His eyes hold mine. Even in the dark, I see them boring into me. "Maybe I’ve got someone else who’s gonna take me."
"Arnie?" I ask.
"Maybe."
My chest feels like someone's squeezing it. "Well, is he?"
"Might be."
"He’s a fucker if he hasn't followed you in here." Then a worse thought hits me. "Are you waiting for him?"
"No." He rubs his head. Now that my eyes are adjusting to the dark, I can confirm he looks exhausted.
I hold a hand out for him. “C’mon, Mills. Let’s go.”
"I don’t need your hand." He gets to his feet.
"You want to meet me outside? You need to say bye to anybody? Arnie Warnie?"
He shoots me a fuck-off look. "I’m ready now."
As we say bye to everybody in the living area, I notice Arnie's eyes on DG, who's telling the others he isn't feeling well.
I step outside first, and I feel him behind me half a second later.
As we pass, Greene says, "You leaving me?"
DG gives him a smile. "Eat my piece for me."
"Can't believe y'all leaving! Yankee ain't had fried catfish."
"Next time," I promise with a soft laugh .
My throat tightens as we walk into the woods again. A cabin in the woods—I should have known I wouldn’t like it.
A sharp whistle turns my head, and I realize Brennan's jogging through the woods behind us. "You bros leaving?"
"Yeah. I've got a stomachache," DG says. "Maybe something I ate."
Brennan frowns. "What about you?" he asks me.
"One car."
He nods, probably assuming one of us is drinking.
Brennan slaps Miller’s left shoulder. I can tell it hurts because his face tightens.
“Bye, dude," Brennan tells him. “Bye, dude’s bro.” He slaps me on the back, too.

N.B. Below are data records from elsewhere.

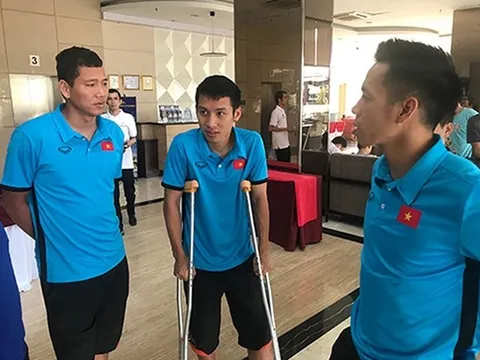 Điểm tin bóng đá Việt Nam tối 22/08: Tiền vệ U23 Việt Nam khiến đồng đội rớm nước mắt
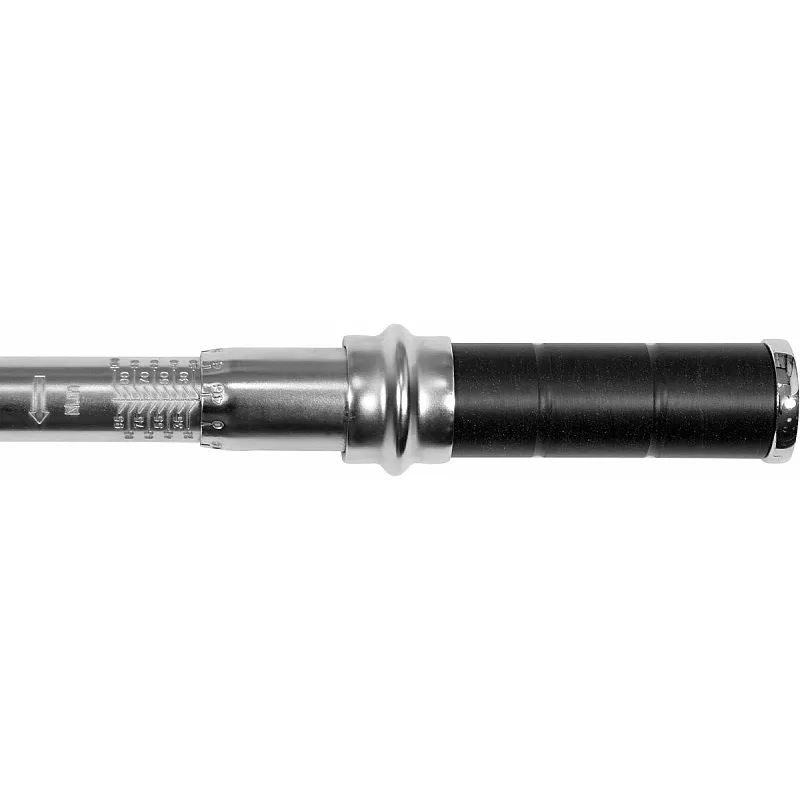 Динамометричний ключ YATO квадрат 3/8, F = 20-100 Нм, L = 420-440 мм (YT-07732) фото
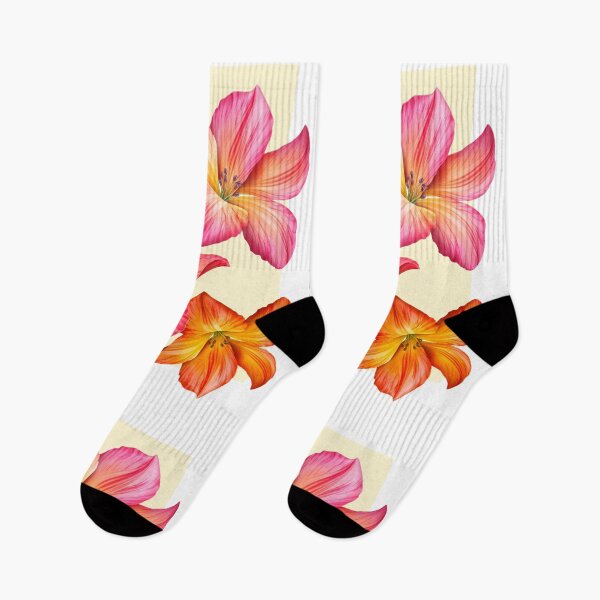 Item preview, Lilies, summer flowers designed and sold by urfer.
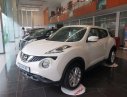 Nissan Juke 1.6L CVT 2017 - Bán Nissan Juke AT năm 2017, màu trắng, nhập khẩu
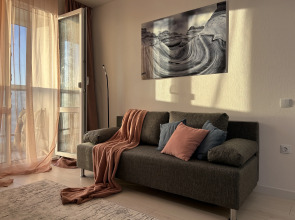 Квартира Великолепная в Закрытом ЖК с Парковкой рядом с Лесом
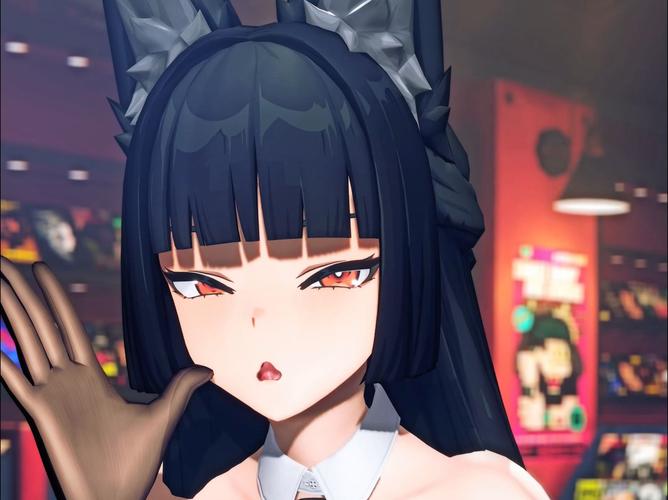 下载兔耳战姬官方正式版最新版:体验兔耳娘冒险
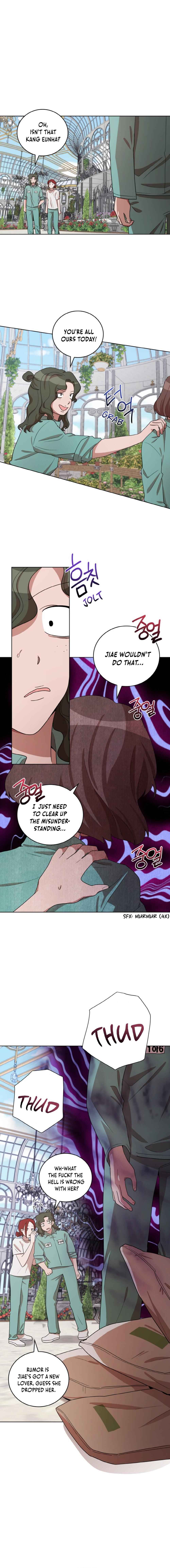 Sister Prison Chapter 28 - Page 10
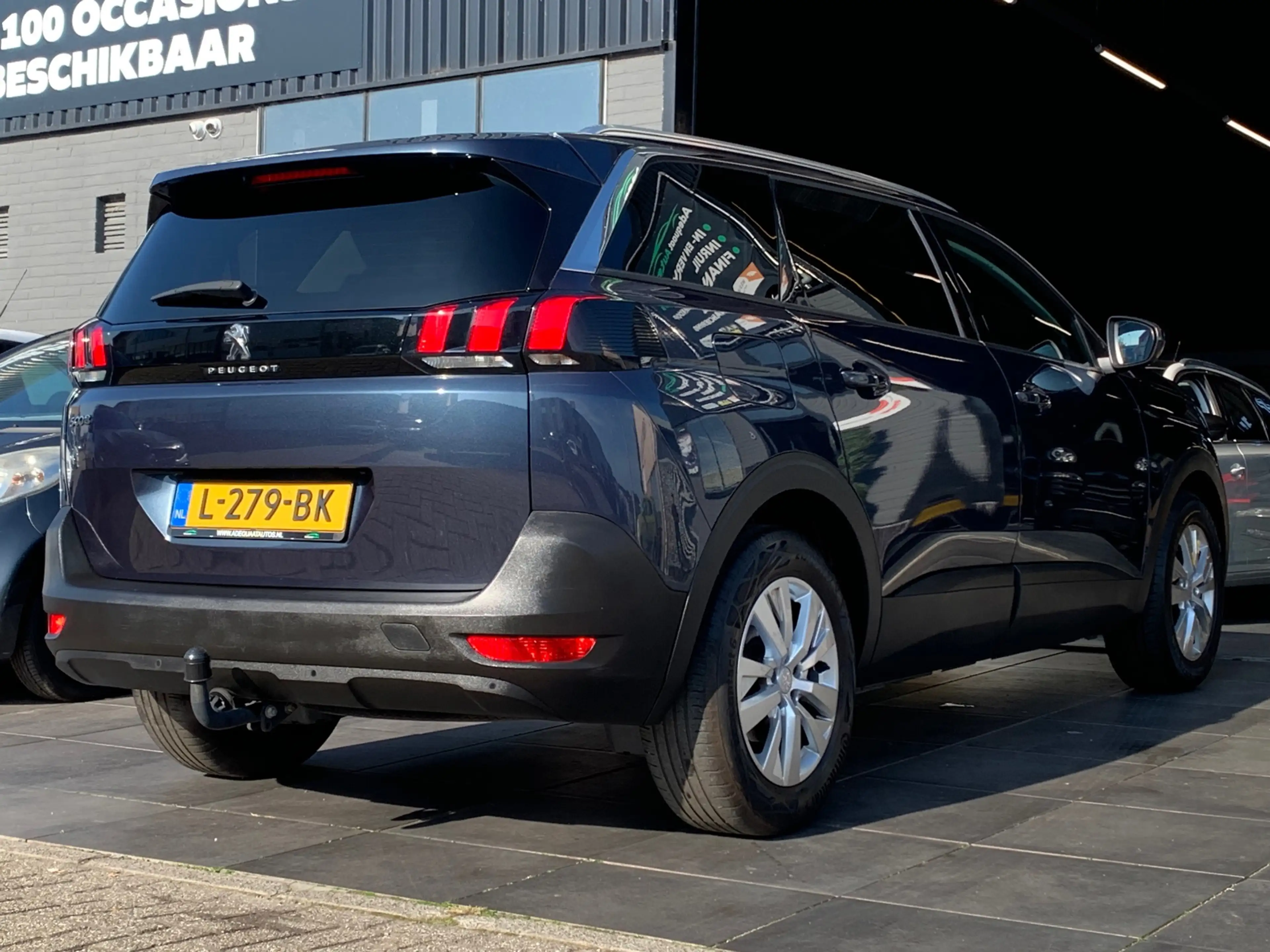 Peugeot 5008 1.2 PureTech Allure|AUT|7 zit|Cruise|Trekhaak — photo 11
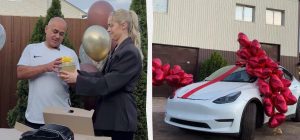 Переможниця "Холостяка" довела підписників до сліз подарунком батькові (відео)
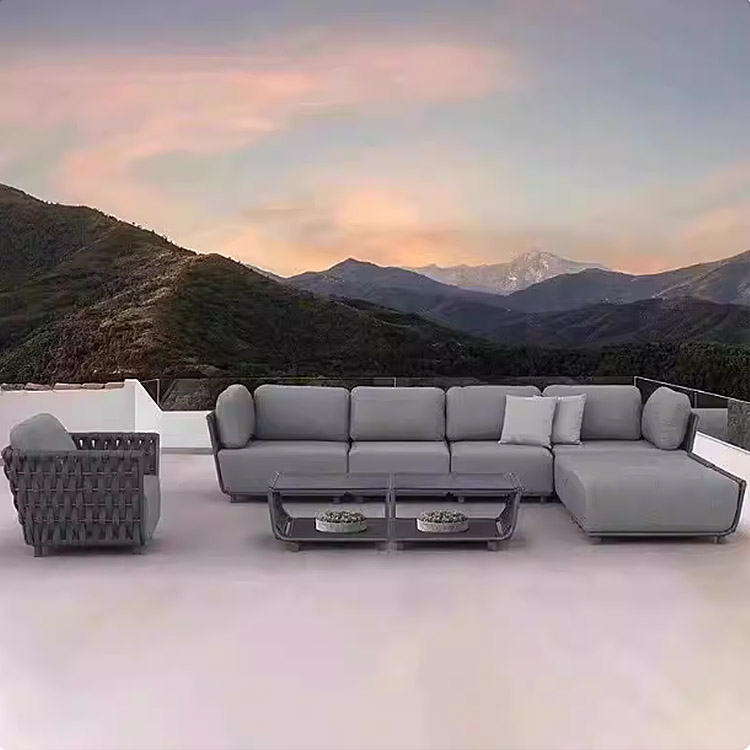 # Luxury Rattan Aluminum Outdo - Outdoor Furniture Luxury recension och pris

We start walking, silence between us. DG stumbles on a tree limb jutting up out of a pile of leaves. I grab his elbow, but he snatches it back.
"It was a lapse." I hear my own words in my head as I stride out in front of him and pull his car door open.
I don’t let myself watch him get in or shut the door for him. By the time I’ve cranked the car and had a chance to look discreetly at him, he’s slumped into my passenger’s seat. He’s even got his eyes shut. Fuck, I shouldn't have brought him out here.
"Lay your seat back,” I say. “I'll drive slow. Watch for deer and bears and shit."
“You should,” he says. He reclines his seat and shuts his eyes again.
“Here, I’ve got a jacket," I say, reaching for my black fleece in the backseat. "It’s clean.”
I watch as he rolls it up and leans his head against it.Then I back carefully out of my leafy parking spot and drive slowly toward the county road.
He’s quiet and still for a long time.
I saw an Eagles T-shirt in the hamper recently, so I fire up their iTunes "best of" playlist, hoping that might make him feel good. I can't tell if it works, because the next time I look down at him, he's asleep.
When he twitches, it scares me so much, I put my palm near his lips to be sure he's breathing. My hand hovers over his forehead. I want to touch it. Give his hair a little stroke. To say I'm sorry this shit sucks.
The Do Gooder with his perfect Mayberry life and all his life-long friends, his fucking cello and his soccer cleats, his little preppy car. And he can't even drive now.
I wonder how that feels. To not know what's wrong in your brain. I wonder if his tongue still hurts, and if his shoulder's bruised. Or, even worse, the back of his head. I let my hand linger over his arm. I think of touching it...holding his hand.
I want to touch him—somewhere—so bad that I almost do. Never touching him again, never feeling his hands in my hair…it makes my throat close off like I can't breathe.
But I can.
It's okay.
This shouldn't be happening to him.
He still has his good life.
What if it's a brain tumor or something?
He had childhood epilepsy, dumb shit.
It's not because I care about Mills. I'm reacting this way due to my own shit. Miller’s just a...vehicle. For PTSD or some shit. Also, I like to hate him, and now I can't, so that's annoying.
It was a lapse. That's what I said—because I meant it. Fooling around with him was nothing other than a lapse in judgment. Because he's like a fucking alien to me.
Hurting him was always at the core of what I hoped to do. Make him beg and watch him writhe.I wanted power. Just until I finally get some peace.